Scaling tCPA Strategy
Once you have run a successful test, it’s time to adopt tCPA across your entire account or MCC. A few things to keep in mind:
- Portfolio Selection: Assuming you are using a portfolio bid strategy, the first key decision to make is how you want to carve out your account into multiple portfolio strategies. As a rule of thumb, we recommend that you have a small number of large portfolios instead of a large number of small portfolios. Beyond this, the main influencer of this decision is your business objectives. If you have multiple products/services/business units with unique profitability/CPA goals (which you should), it is critical that each portfolio exhaustively and exclusively represent these products/services/business units and each portfolio tCPA reflects their respective goals. Conversely, if there are multiple products/services/business units but they have a common goal of achieving maximum profitability or a certain CPA, then this heterogenous group of campaigns can all be put together in a single portfolio.

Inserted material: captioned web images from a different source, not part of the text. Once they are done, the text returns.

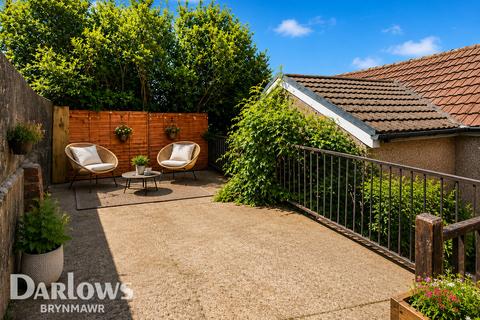 3 bedroom semi-detached house for sale, Rhiw Parc Road, Abertillery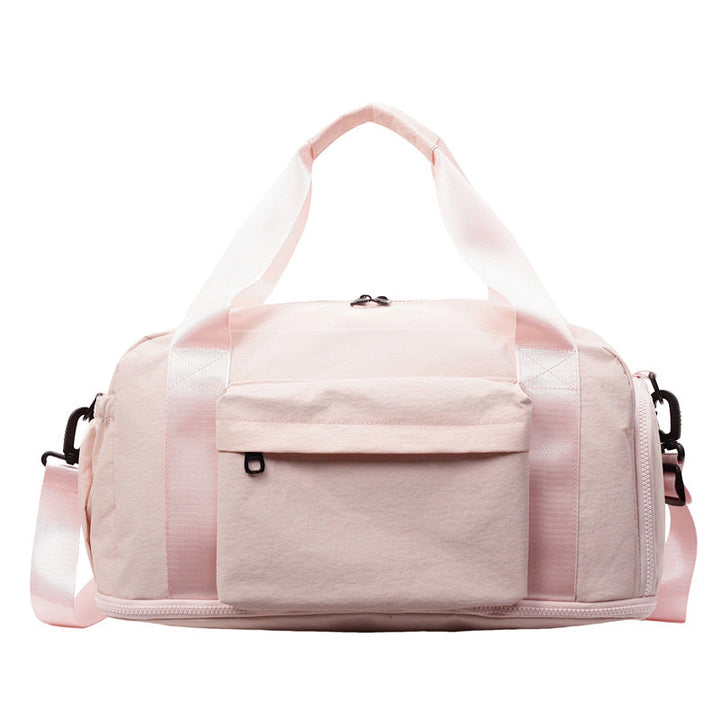 Versatile Sports Travel Duffel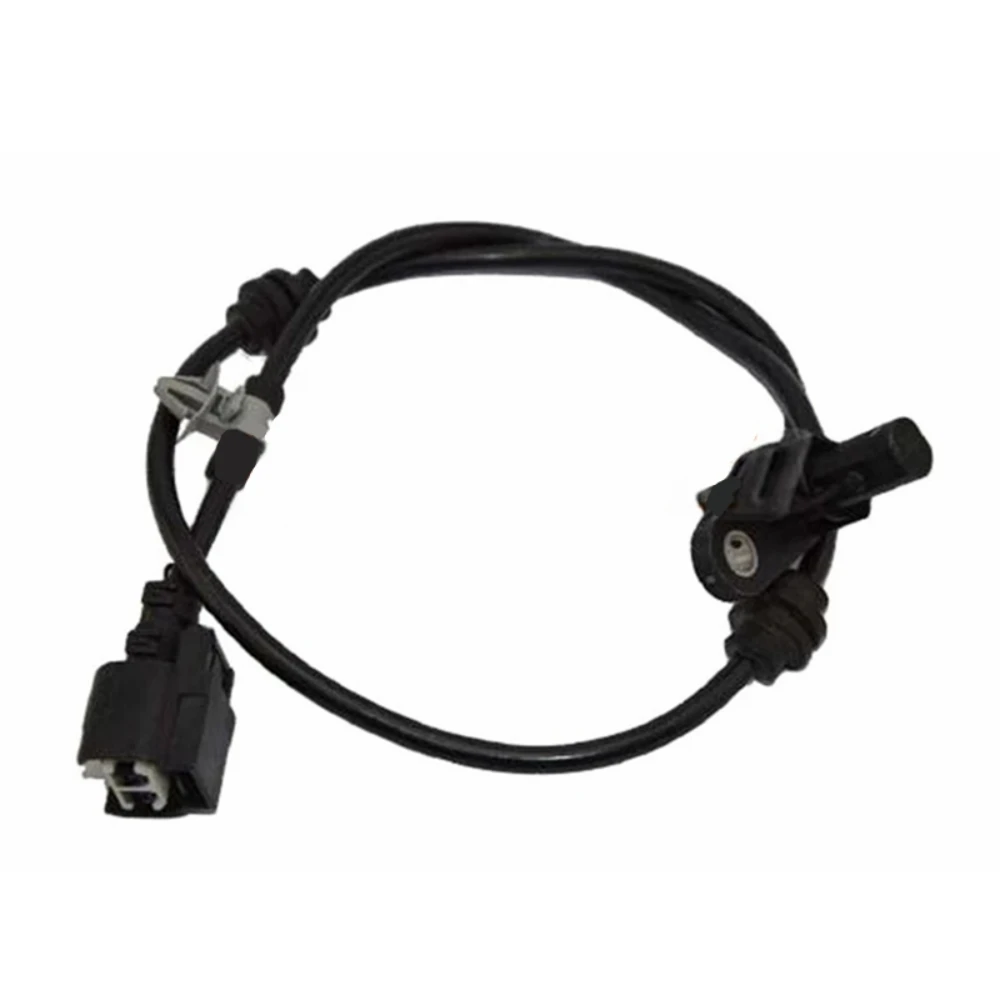 

High Quality 48930-34000 ABS Wheel Speed Sensor For Ssangyong Actyon Sport II MPV 2012-2022 Korando 2010-2022 Rexton SUV 2.0 2.2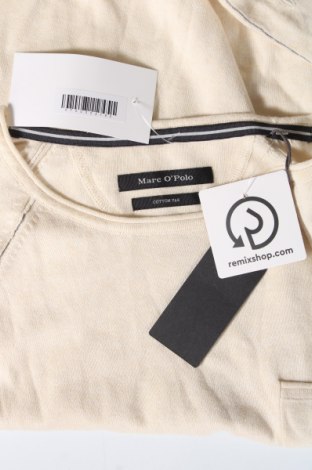 Ανδρικό πουλόβερ Marc O'Polo, Μέγεθος XL, Χρώμα Εκρού, Τιμή 46,27 €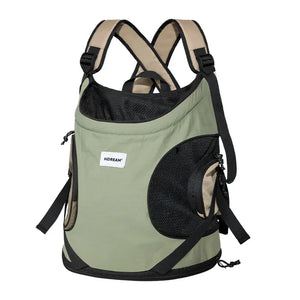 Comfortable Labor-saving Front Pet Carrier - PetPark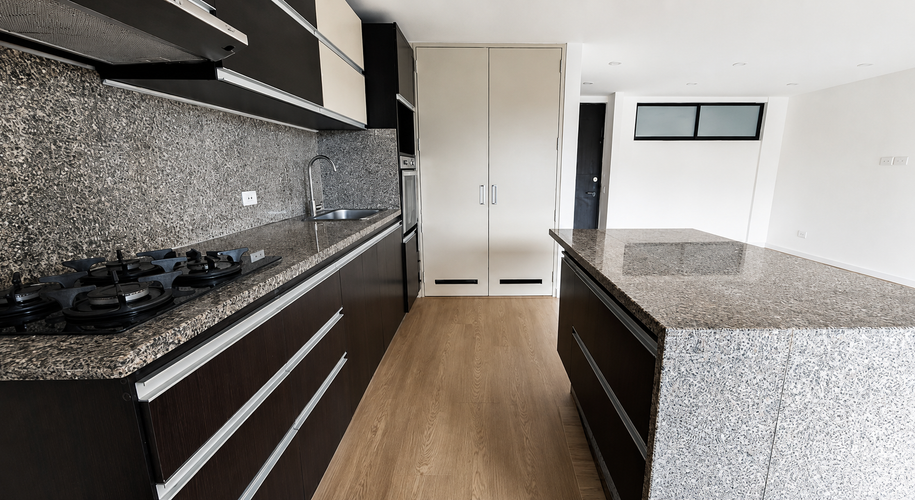 Apartamento de 1 alcoba en venta en Bogotá, 65 m² · foto 7 de 9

- Pace of Scale: Depending on how fast you want to scale, you can adopt ~25% of your account spend every month over 3-4 months or you can adopt the whole account in one go. The latter is a good idea if your test was large enough for the results to be statistically significant.
- Goal Setting: Once again, it is critical that you set up the tCPA based on the actual CPA observed over the past 2-4 week for a given portfolio. Refer to tip #4 in the previous section for more details. Consider goal-setting and testing your desired CPA once your portfolio has achieved relative stability, typically within 1-2 months of testing.
Prioritize testing tCPA with these tips so you can reserve your time on other aspects of Google Ads (aside from bidding) and achieve greater results.